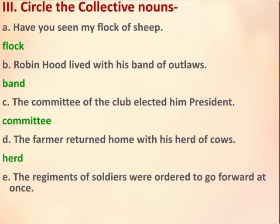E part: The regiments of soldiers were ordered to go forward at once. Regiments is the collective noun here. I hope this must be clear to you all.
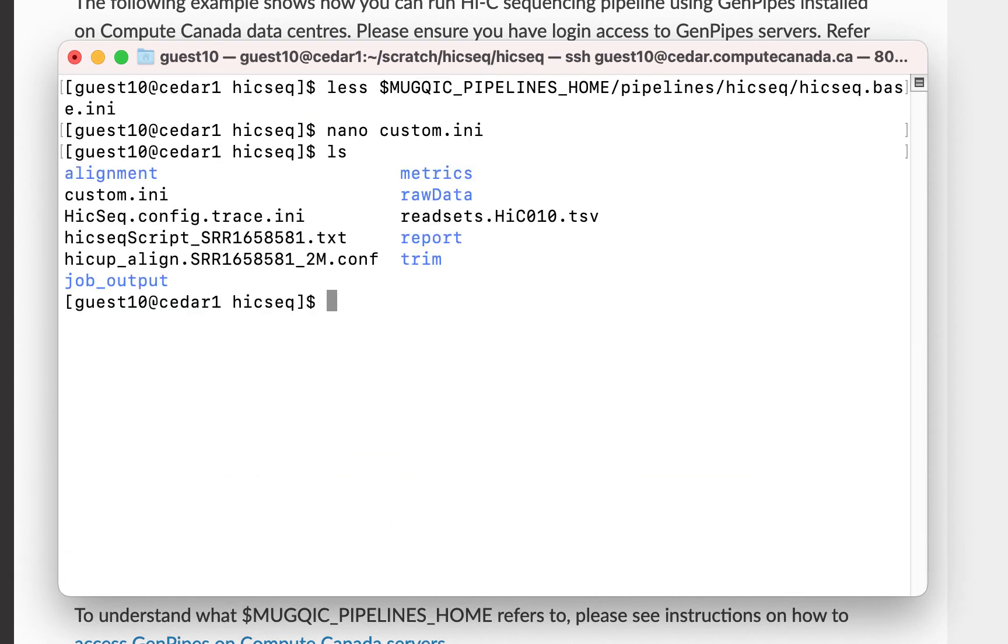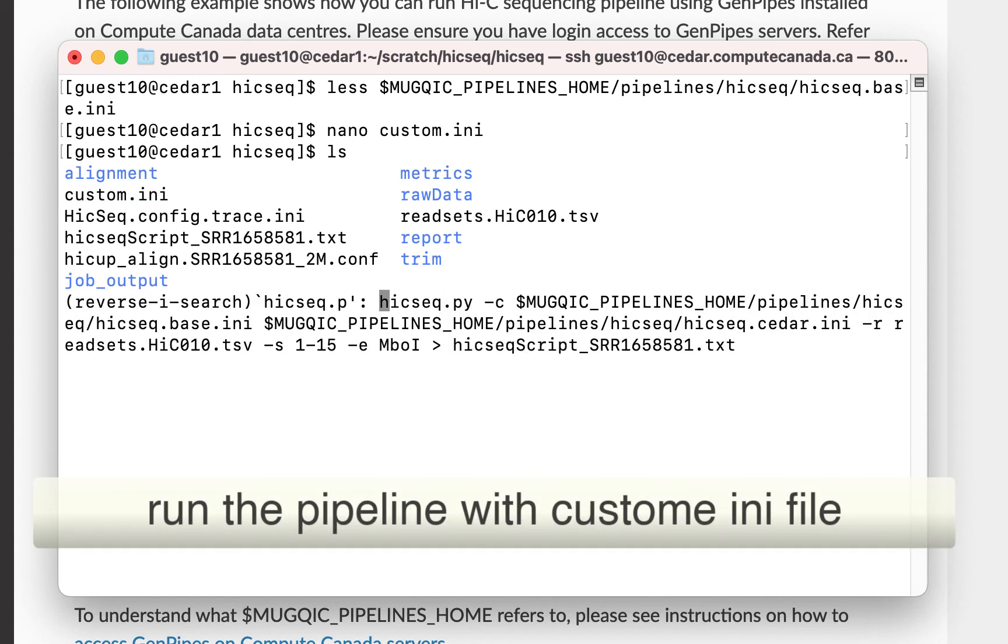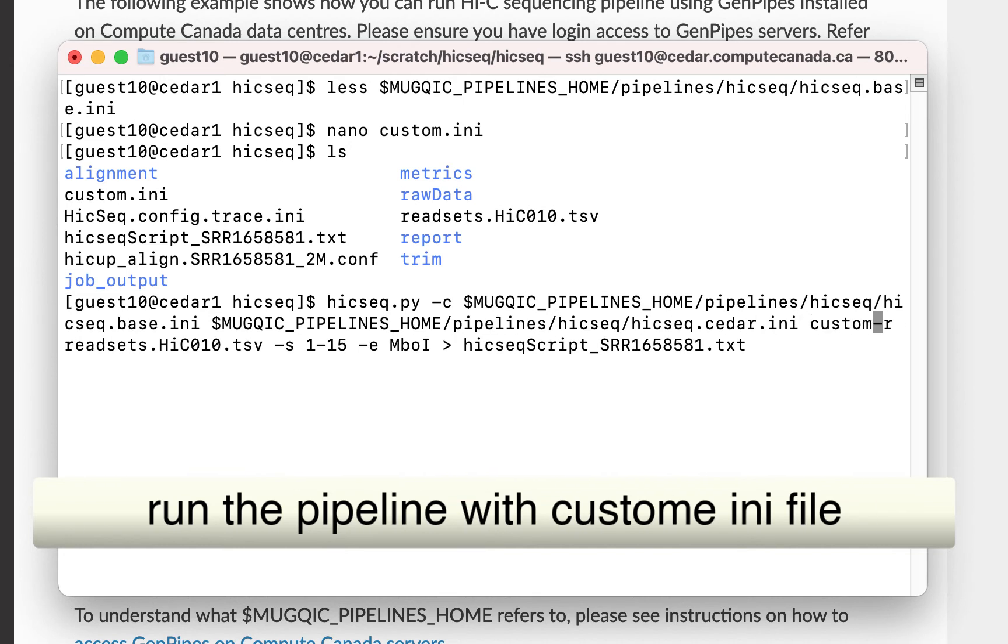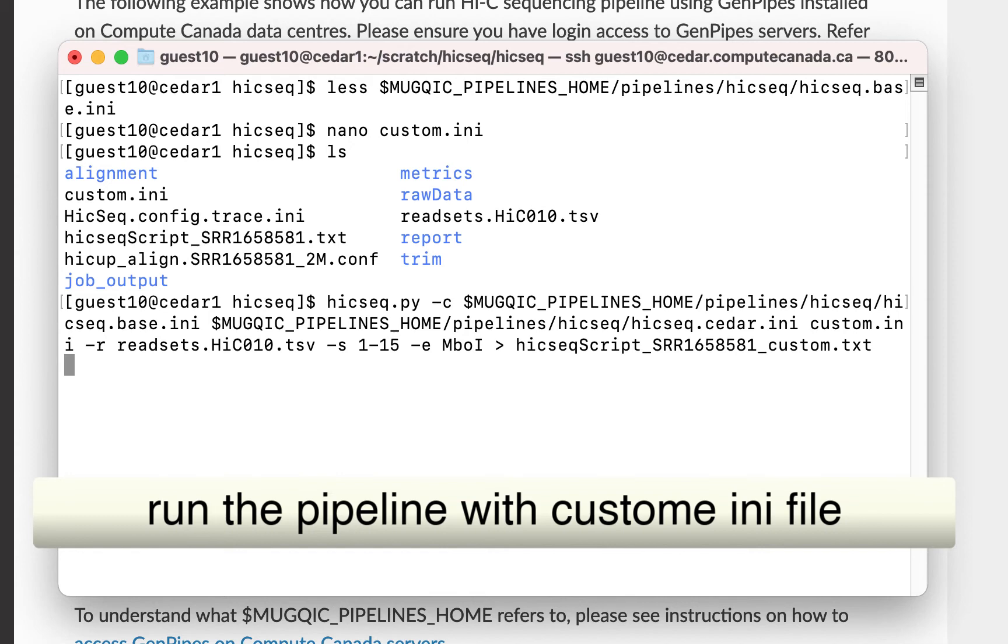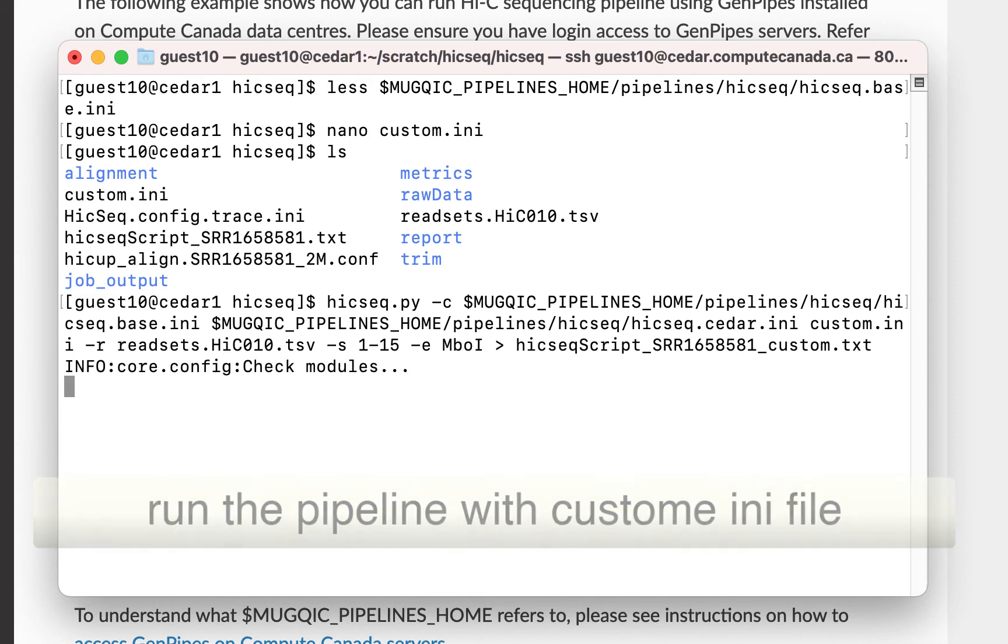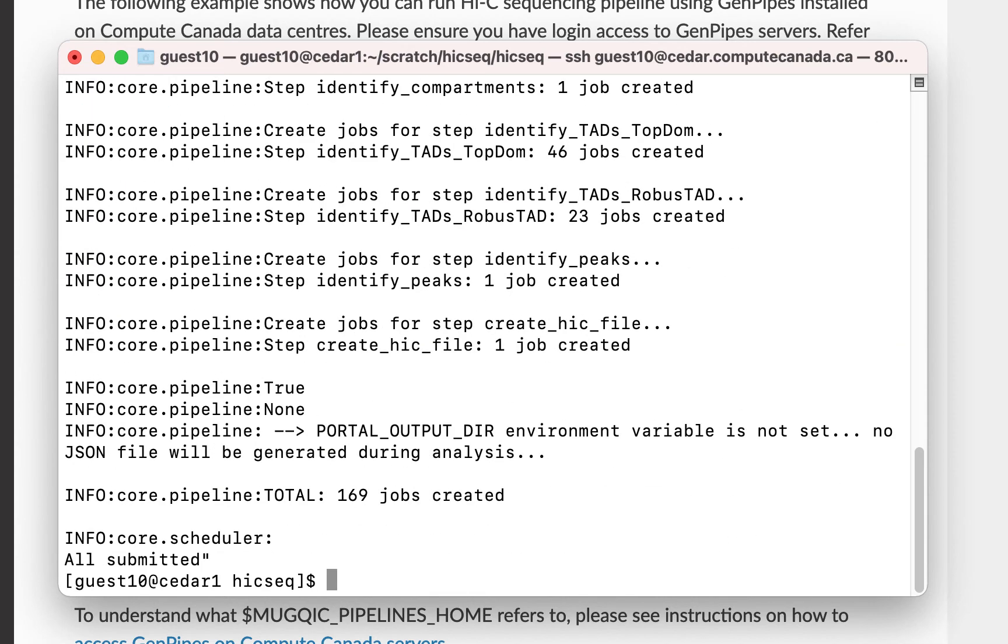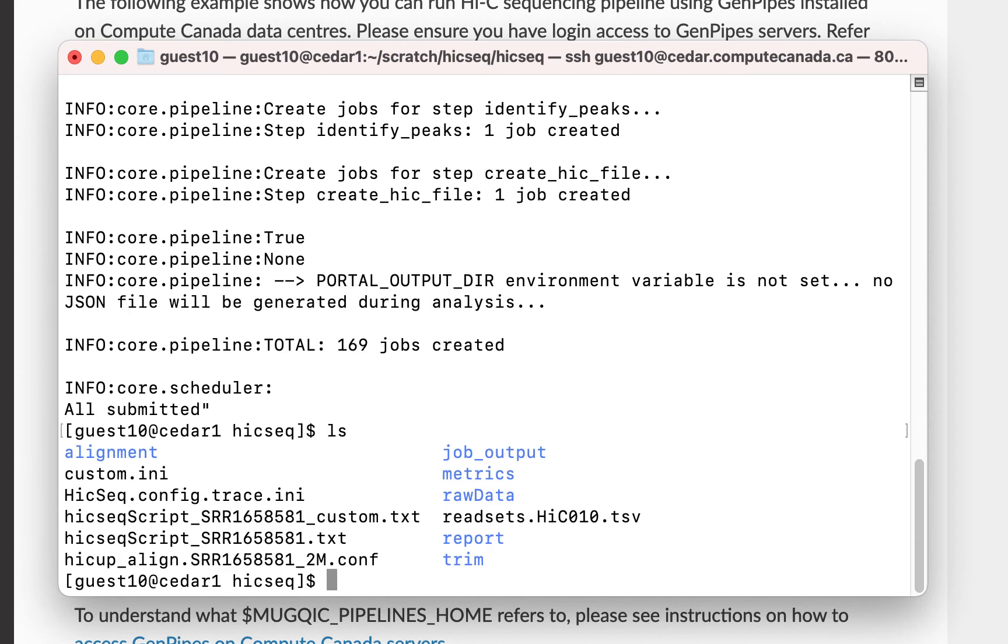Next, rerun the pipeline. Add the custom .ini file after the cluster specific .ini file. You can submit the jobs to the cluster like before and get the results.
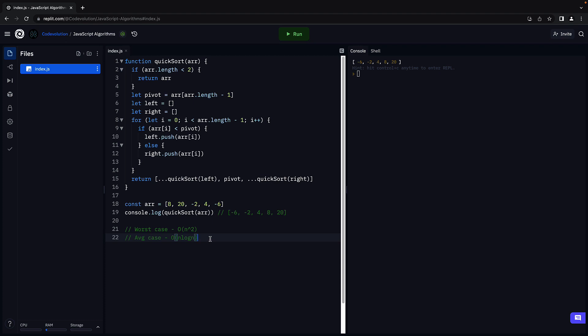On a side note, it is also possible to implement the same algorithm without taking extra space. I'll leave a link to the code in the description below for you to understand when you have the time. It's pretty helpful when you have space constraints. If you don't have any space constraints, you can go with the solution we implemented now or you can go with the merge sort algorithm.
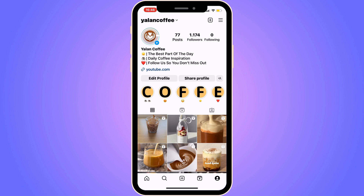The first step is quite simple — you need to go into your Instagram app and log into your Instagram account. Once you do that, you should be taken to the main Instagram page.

• **What needs to be done**
From the first line to the last, repeat the listing exactly and skip its images.

• **Result of the task**
E part: The regiments of soldiers were ordered to go forward at once. Regiments is the collective noun here. I hope this must be clear to you all.
Next, rerun the pipeline. Add the custom .ini file after the cluster specific .ini file. You can submit the jobs to the cluster like before and get the results.
On a side note, it is also possible to implement the same algorithm without taking extra space. I'll leave a link to the code in the description below for you to understand when you have the time. It's pretty helpful when you have space constraints. If you don't have any space constraints, you can go with the solution we implemented now or you can go with the merge sort algorithm.
The first step is quite simple — you need to go into your Instagram app and log into your Instagram account. Once you do that, you should be taken to the main Instagram page.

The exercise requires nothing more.